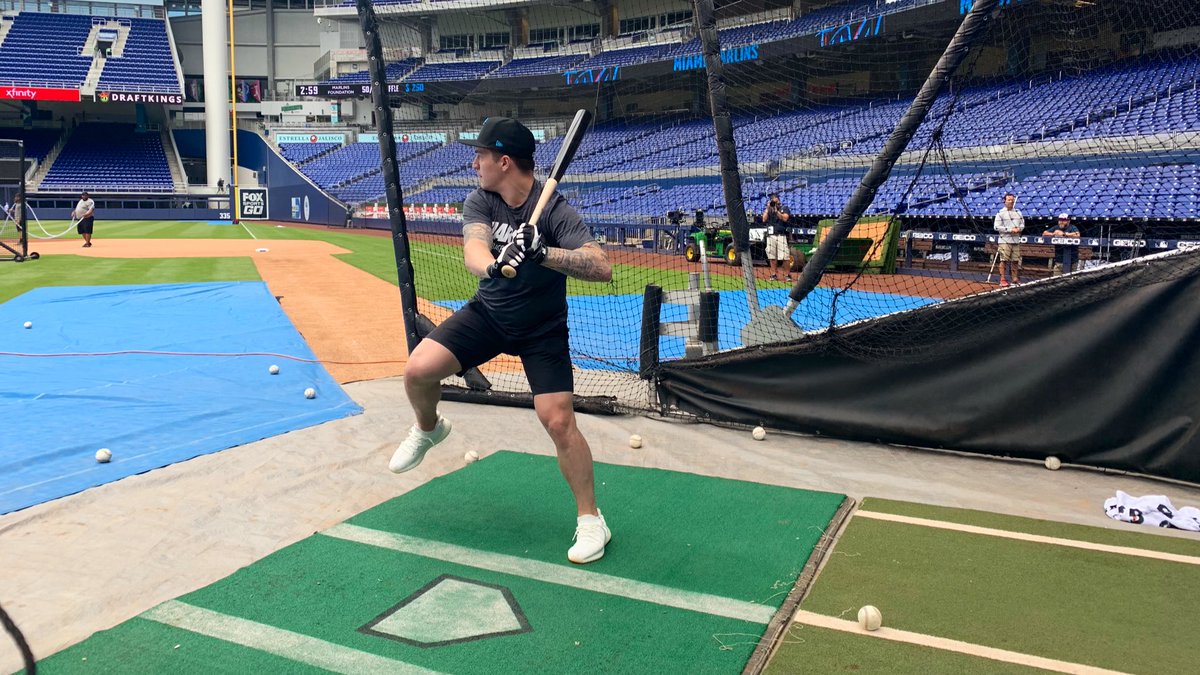 #FlaPanthers swinging for the fences at batting practice today <a href="/Marlins/">Miami Marlins</a> park. ⚾️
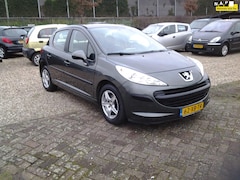 Peugeot 207 - 1.4-16V X-line Zeer lux, s / zeer mooie auto 5 drs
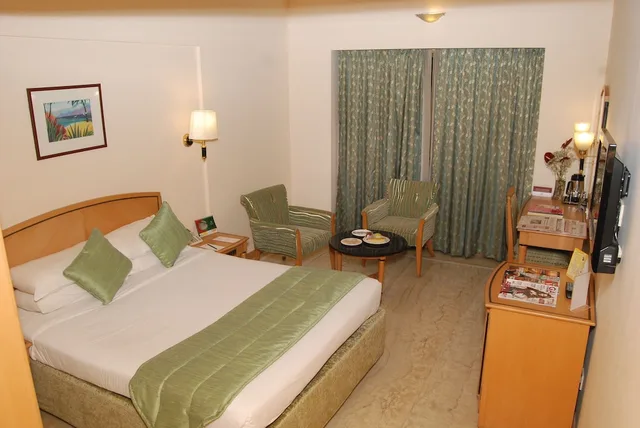 Standard, 2 King Beds, Beverly Hotel 1/4
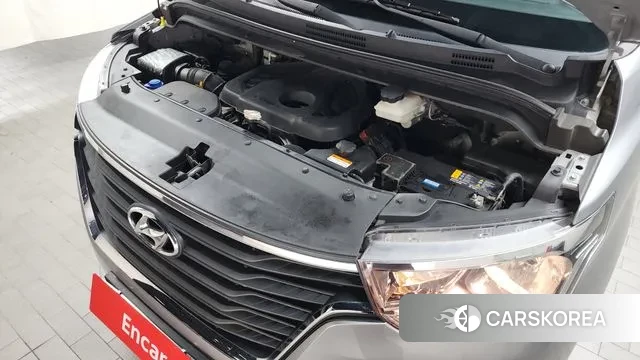 Hyundai The New Grand Starex id 3139304 из Кореи 16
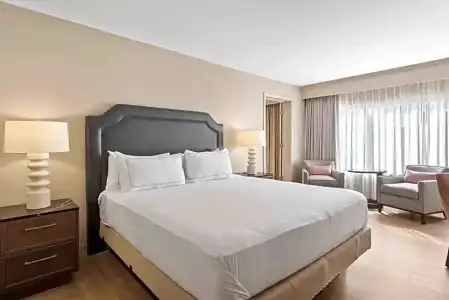 DoubleTree by Hilton Columbus - 71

++++++++++

The required output consists only of the lines from the one containing "Standard, 2 King Beds, Beverly Hotel 1/4" to the last line of the material, reproduced exactly, pictures excluded.

**Solution for this task**:
 Standard, 2 King Beds, Beverly Hotel 1/4
 Hyundai The New Grand Starex id 3139304 из Кореи 16
 DoubleTree by Hilton Columbus - 71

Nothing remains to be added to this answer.